The Blog of Jack Holloway

Monday, August 27, 2018

Sermon: The Armor of God's Victory (8/26/18)


Audio: https://soundcloud.com/user-781606354/the-armor-of-gods-victory

Scripture:
I Kings 8
Psalm 84
Ephesians 6:10–20
John 6:56–69

I really like when our Psalm says that we are on “the pilgrim’s way.”

I have often felt like a pilgrim in my life. My family moved a lot when I was growing up. I spent most of my childhood in the greater Seattle, Washington area, but we also lived in California for a while, and later we moved to Florida, to the opposite corner of the country. In the earliest memories I have, we are poor and living in a humble space; in others, we are fairly wealthy and living in a large house.

At 17, I moved to Virginia Beach and start school at Regent University. From there, I moved to Richmond, Virginia, where I married my wife Debbie. And now we live in Brooklyn, where I have earned my Master of Divinity.

I have not experienced life in terms of having a base to always go back to and cultivate. I have not been a part of any local long term projects that last a lifetime. I have not built relationships with store owners or local leaders or cashiers or waiters and waitresses in my area—the kind of thing that tends to naturally happen when you have a lasting home.

For me, life has been a series of different periods. The California period, the Seattle period, the Florida period, etc. I go from place to place, encountering various trials, overcoming various obstacles, meeting new challenges along the way.

And sometimes it even seems like life is hardship after hardship, one thing after another. With my family I have encountered bankruptcy, abortion, divorce, mental illness, depression, anxiety, disillusionment, and the list goes on.

Don Draper in the show Mad Men says, “What is happiness? It’s a moment before you need more happiness!” For isn’t life just a series of hardships, a tiresome journey through struggle after struggle?

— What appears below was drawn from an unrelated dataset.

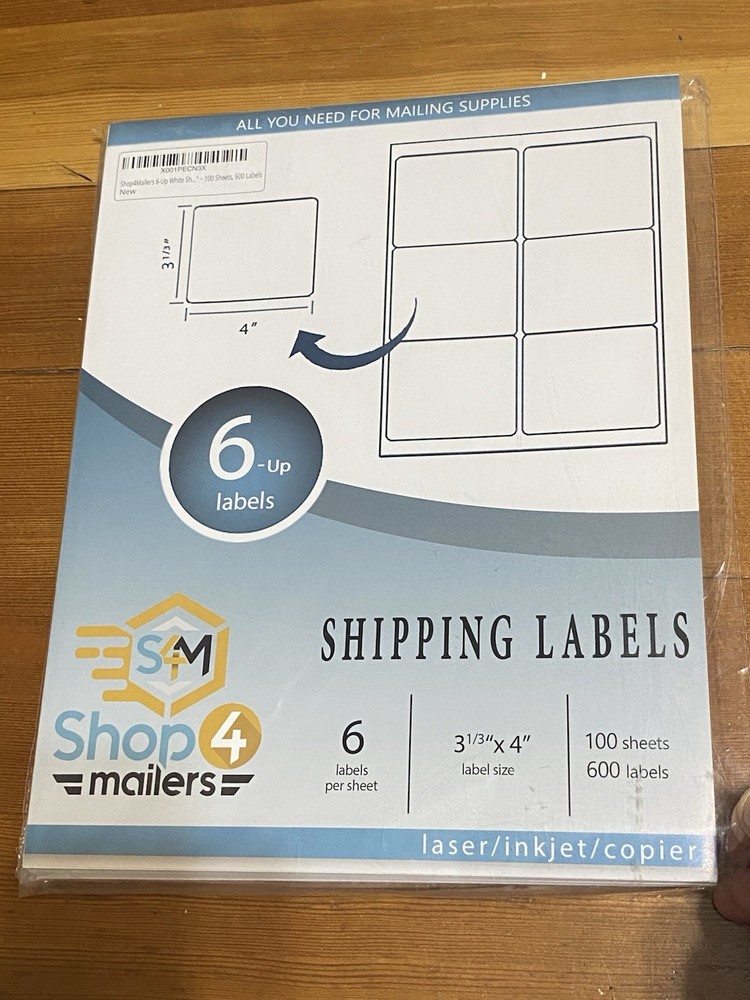 Shop4Mailers 6-Up White Shipping Labels 100 Sheets, 600 Labels 3 1/3” x 4”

It often feels like that. In addition to our own personal trials, we encounter those in the public sphere. For example, while the institution of slavery that restricted black lives to servitude and exploitation was abolished 150 years ago, black people have never been without intense struggle in the United States. After slavery, it was Jim Crow. And they thought they had defeated that with the Civil Rights movement, only to encounter another form of Jim Crow in the war on drugs and the beginning of mass incarceration, so that now we can truly speak of a “New Jim Crow” era.

W. E. B. Du Bois wrote, “The slave went free; stood a moment in the sun; then moved back again toward slavery.”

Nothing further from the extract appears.